There are two main pipelines:

and the daemons which automatically start these pipelines.

Processing is performed as appropriate for the entire run, for each lane in the sequencing flowcell, or each tagged library (within a pool on the flowcell).

Batch Processing and Dependency Tracking with LSF or wr

With this system, all of a pipeline's jobs for its steps are submitted for execution to LSF or wr batch/job processing system as the pipeline is initialised. As such, a submitted pipeline does not have an orchestration script or daemon running: managing the runtime dependencies of jobs within an instance of a pipeline is delegated to the batch/job processing system.

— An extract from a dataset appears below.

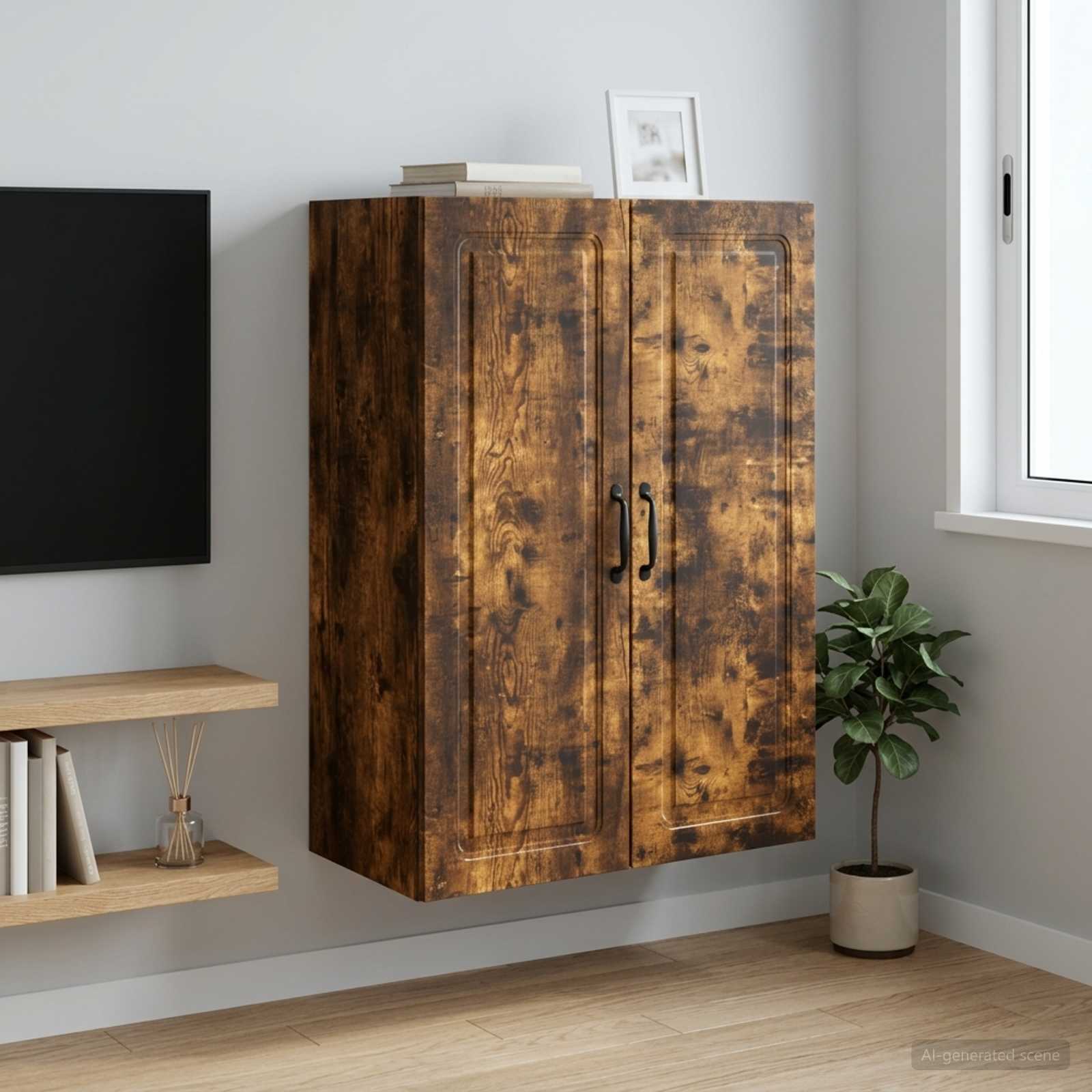 Wandschrank 66 x 34,5 x 90 cm Holzwerkstoff Räuchereiche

How is this done? The job representing the start point of a graph is submitted to LSF or wr in a suspended state and is resumed once all other jobs have been submitted thus ensuring that the execution starts only if all steps are successfully submitted. If an error occurs at any point during job submissions, all submitted jobs, apart from the start job, are killed.

Pipeline Creation

Steps of each of the pipelines and dependencies between the steps are defined in JSON input files located in data/config_files directory. The files follow JSON Graph Format syntax. Individual pipeline steps are defined as graph nodes, dependencies between them as directed graph edges. If step B should be executed after step A finishes, step B is considered to be dependant on step A.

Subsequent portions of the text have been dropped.